▶ **TASK PROMPT**: Using the data below, reproduce exactly the lines from the line with "30 January 2011;" to the line with "note et silence", both included; pictures must be dropped.

▶ **DATA TO PROCESS**:
☆ ☆ ☆

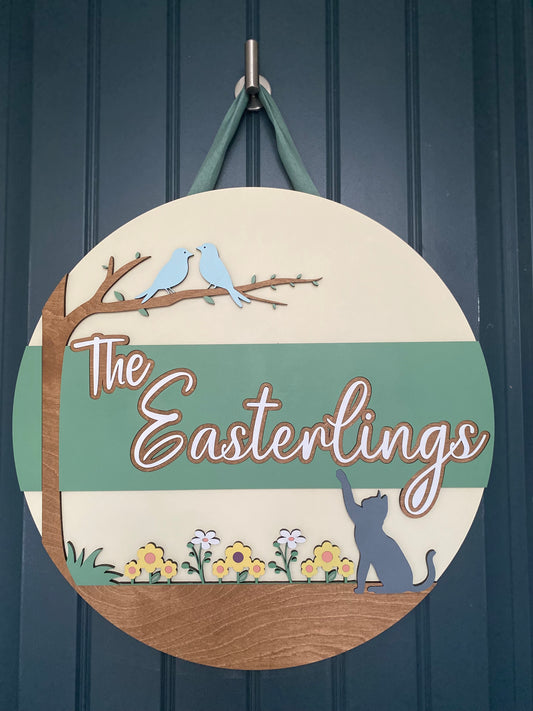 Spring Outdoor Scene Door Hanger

☆ ☆ ☆

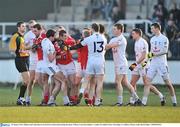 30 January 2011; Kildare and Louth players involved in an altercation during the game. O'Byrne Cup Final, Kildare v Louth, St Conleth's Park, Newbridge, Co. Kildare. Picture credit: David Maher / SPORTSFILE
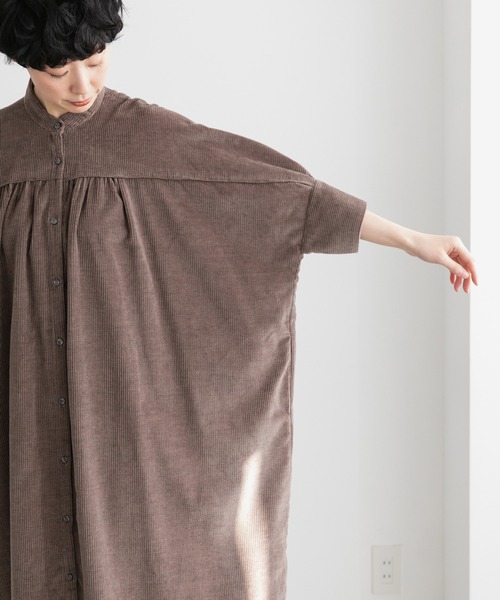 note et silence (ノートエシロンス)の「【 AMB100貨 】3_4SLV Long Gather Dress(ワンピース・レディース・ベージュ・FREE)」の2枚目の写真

☆ ☆ ☆

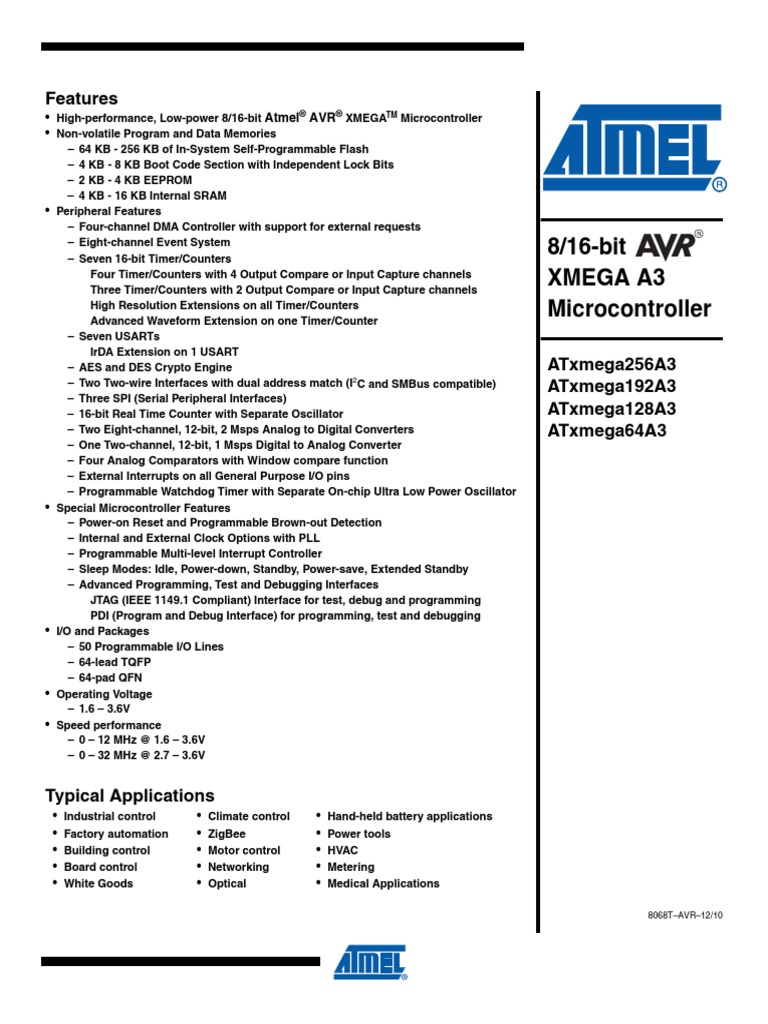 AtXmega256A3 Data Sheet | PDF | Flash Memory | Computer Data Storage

☆ ☆ ☆

▶ **ANSWER BOX**:
 30 January 2011; Kildare and Louth players involved in an altercation during the game. O'Byrne Cup Final, Kildare v Louth, St Conleth's Park, Newbridge, Co. Kildare. Picture credit: David Maher / SPORTSFILE
 note et silence (ノートエシロンス)の「【 AMB100貨 】3_4SLV Long Gather Dress(ワンピース・レディース・ベージュ・FREE)」の2枚目の写真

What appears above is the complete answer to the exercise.